Records from a data source:
•••

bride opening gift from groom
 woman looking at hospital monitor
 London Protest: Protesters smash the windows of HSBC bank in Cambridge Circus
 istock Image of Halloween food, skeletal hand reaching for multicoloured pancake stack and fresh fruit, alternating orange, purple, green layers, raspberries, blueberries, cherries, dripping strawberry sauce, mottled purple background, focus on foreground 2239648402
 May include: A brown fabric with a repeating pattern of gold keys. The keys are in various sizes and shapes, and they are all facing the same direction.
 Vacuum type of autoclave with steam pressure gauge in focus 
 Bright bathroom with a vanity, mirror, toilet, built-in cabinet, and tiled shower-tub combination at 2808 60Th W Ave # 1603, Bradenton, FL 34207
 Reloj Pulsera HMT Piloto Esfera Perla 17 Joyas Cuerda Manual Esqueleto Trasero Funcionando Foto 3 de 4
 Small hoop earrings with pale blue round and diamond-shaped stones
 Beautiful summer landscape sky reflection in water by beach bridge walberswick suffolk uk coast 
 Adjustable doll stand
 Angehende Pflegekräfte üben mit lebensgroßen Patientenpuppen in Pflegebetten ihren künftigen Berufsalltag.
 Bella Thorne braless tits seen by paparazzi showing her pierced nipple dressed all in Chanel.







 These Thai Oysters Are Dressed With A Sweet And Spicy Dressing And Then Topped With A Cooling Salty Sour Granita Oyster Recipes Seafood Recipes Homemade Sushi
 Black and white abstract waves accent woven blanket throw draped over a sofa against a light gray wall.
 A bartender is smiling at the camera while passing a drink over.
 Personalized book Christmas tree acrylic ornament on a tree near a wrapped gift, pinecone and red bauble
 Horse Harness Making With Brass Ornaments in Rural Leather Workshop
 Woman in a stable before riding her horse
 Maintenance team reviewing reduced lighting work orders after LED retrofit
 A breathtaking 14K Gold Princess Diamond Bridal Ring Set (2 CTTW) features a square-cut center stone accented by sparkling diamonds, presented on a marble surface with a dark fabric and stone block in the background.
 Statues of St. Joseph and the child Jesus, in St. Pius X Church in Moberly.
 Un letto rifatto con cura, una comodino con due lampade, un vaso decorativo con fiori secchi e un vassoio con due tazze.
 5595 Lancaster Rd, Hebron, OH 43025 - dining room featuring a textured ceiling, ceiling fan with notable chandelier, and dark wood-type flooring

•••

**YOUR GOAL:** Please set down, with no changes, the line that contains "Statues of St." and all the lines after it until the entries end; write nothing besides them.

**ANSWER TO THE PROBLEM:**
 Statues of St. Joseph and the child Jesus, in St. Pius X Church in Moberly.
 Un letto rifatto con cura, una comodino con due lampade, un vaso decorativo con fiori secchi e un vassoio con due tazze.
 5595 Lancaster Rd, Hebron, OH 43025 - dining room featuring a textured ceiling, ceiling fan with notable chandelier, and dark wood-type flooring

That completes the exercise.